Goal of the exercise
I need every line from the start of the material below up to and including the line containing "UNIQLO(ユニクロ)のタグ付き　UNIQLO ユニクロ スウェットクルーネックシャツ", restated exactly, with the pictures omitted.

Records supplied
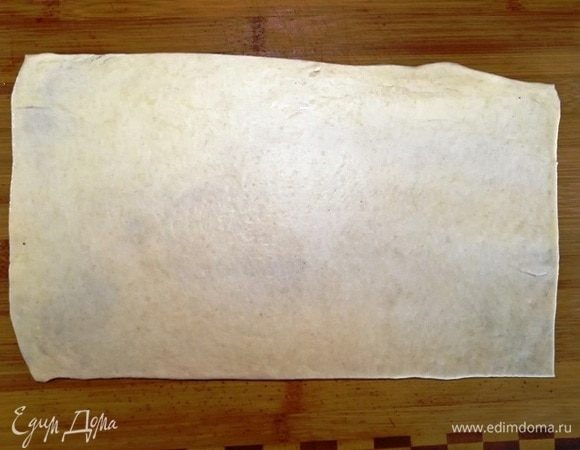 Рулет с вишнево-абрикосовой начинкой. Я использовала коктейльную вишню, вы можете взять обычную и посыпать ее сахаром. Тесто тонко раскатываем в прямоугольник.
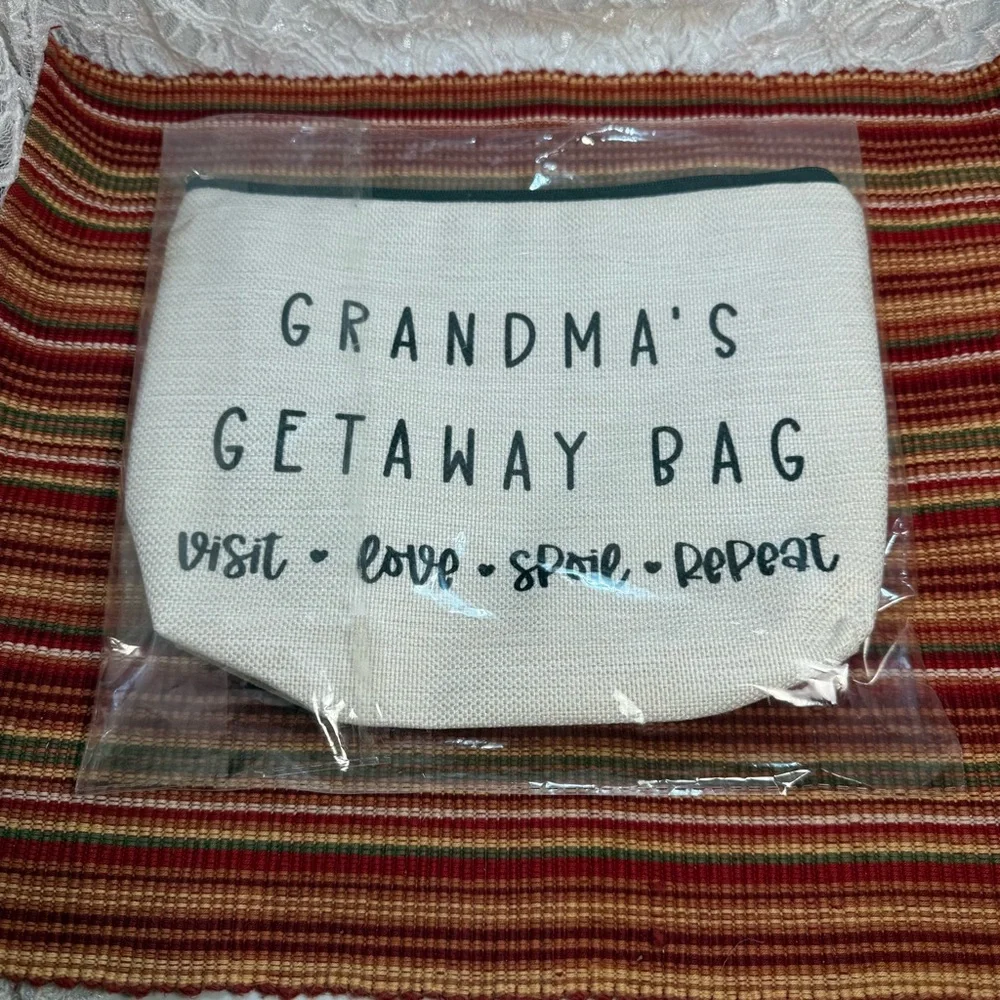 NWT - Grandma's Getaway Cosmetic Bag/Pouch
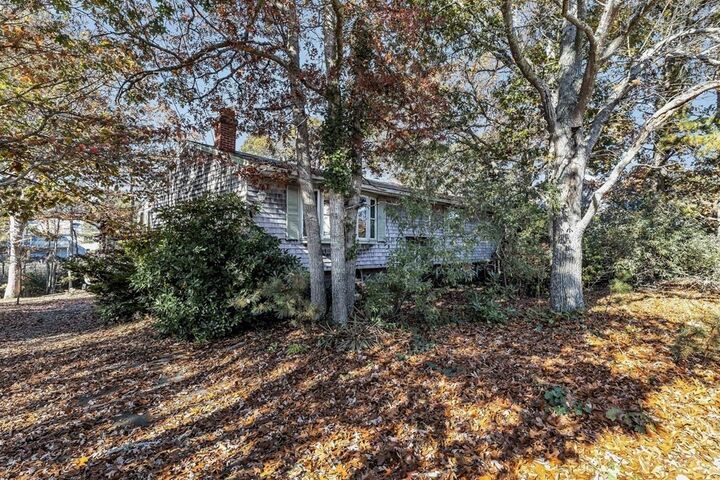 Property Photo: 11 Madeline Rd MA 02536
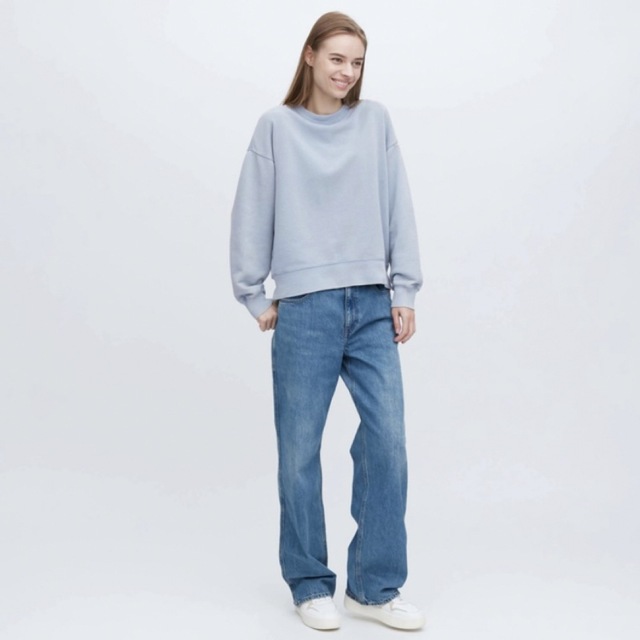 UNIQLO(ユニクロ)のタグ付き　UNIQLO ユニクロ スウェットクルーネックシャツ レディースのジャケット/アウター(ブルゾン)の商品写真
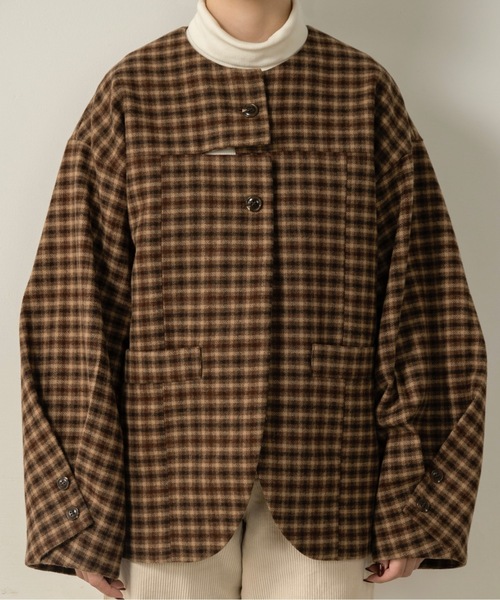 lawgy（ラウジー）の「fold sleeve hem round check coat / フォールドスリーブヘムラウンドチェックコート（ノーカラーコート・レディース・ブラウン/グレー・FREE）」の3枚目の写真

Task answer
 Рулет с вишнево-абрикосовой начинкой. Я использовала коктейльную вишню, вы можете взять обычную и посыпать ее сахаром. Тесто тонко раскатываем в прямоугольник.
 NWT - Grandma's Getaway Cosmetic Bag/Pouch
 Property Photo: 11 Madeline Rd MA 02536
 UNIQLO(ユニクロ)のタグ付き　UNIQLO ユニクロ スウェットクルーネックシャツ レディースのジャケット/アウター(ブルゾン)の商品写真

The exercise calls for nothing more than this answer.